Can my employer dictate my work hours?
June 8, 2006 9:02 PM   Subscribe

I'm classified as an exempt employee. Can my boss require me to arrive at work at a certain time, or even to work a certain number of hours?

My understanding is that employees who are exempt from the overtime provision of the U.S. federal and state labor laws are to be paid a guaranteed wage without regard to the number of hours of work performed, but I can't find this documented on any of the federal or Illinois government sites. I put in my 40 hours a week, sometimes a bit more, but I prefer to do it from 9am to 6 pm (if I take a lunch hour). My boss has told me I need to arrive at 8am because "people have commented about your coming in so late." Can someone point me to the law that says they can't dictate the hours I work if they want to classify me as exempt. (I fully understand the perils of rocking the boat. I just want this information for my own knowledge and possible use at a later date. For the record, I don't believe my job qualifies as exempt anyway, but that's a different question.)
posted by Joleta to Work & Money (24 answers total)
Not sure about Illinois - but Arizona is not a 'right to work state'

I.e. you can be fired for any reason, without notice.

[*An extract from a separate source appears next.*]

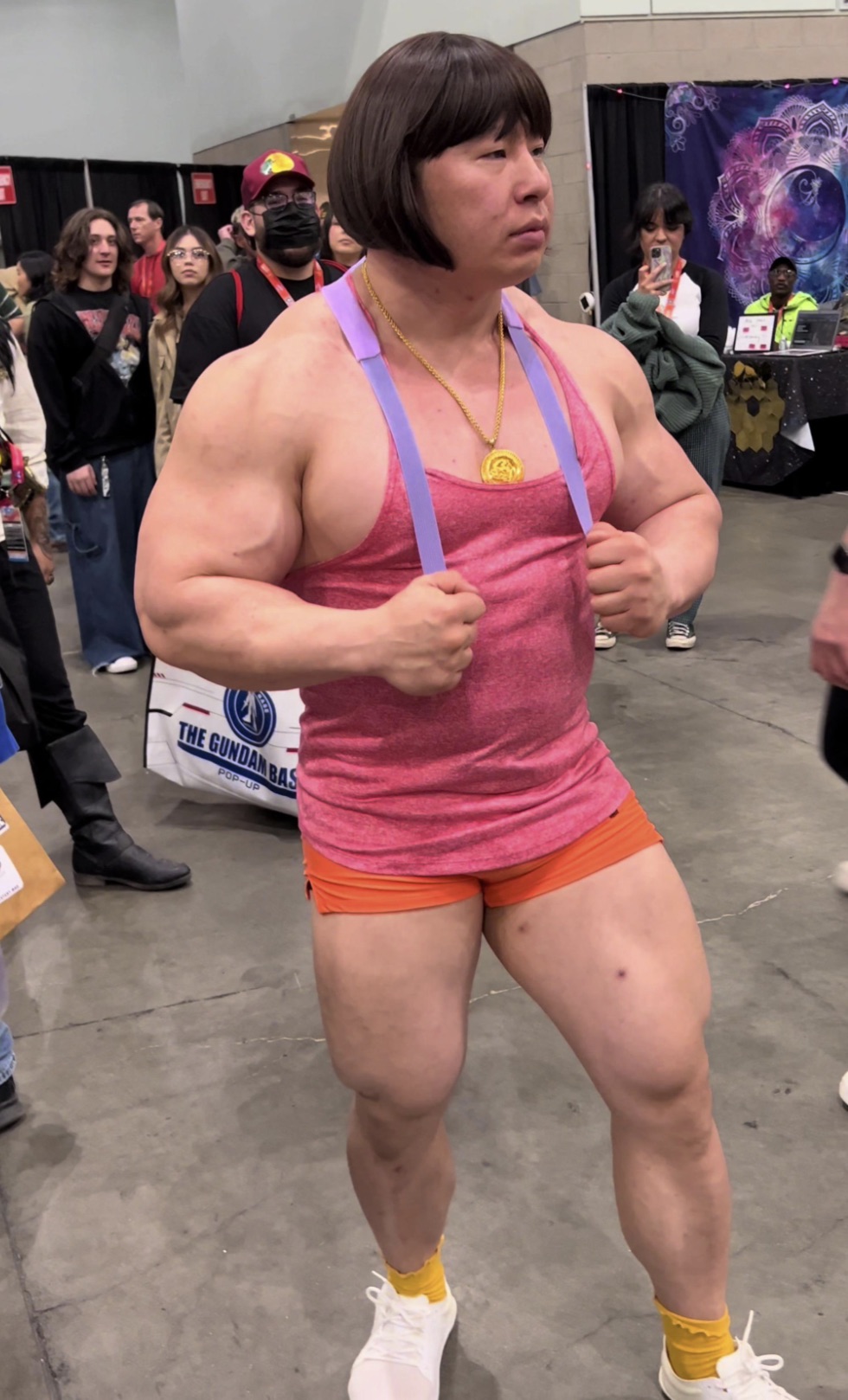 dora bodybuilder - The Gundam Bas PopUp 165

So I guess the short answer would be yeah, I guess you can come in whenever you want but you may be subject to some "rocking the boat" enforcement.
posted by jimmy0x52 at 9:08 PM on June 8, 2006

Just because you're salaried doesn't mean you necessarily get to set your own hours. If you decide to work one hour a day, from 2:00 to 3:00 AM, your wages don't go down but good luck keeping your job.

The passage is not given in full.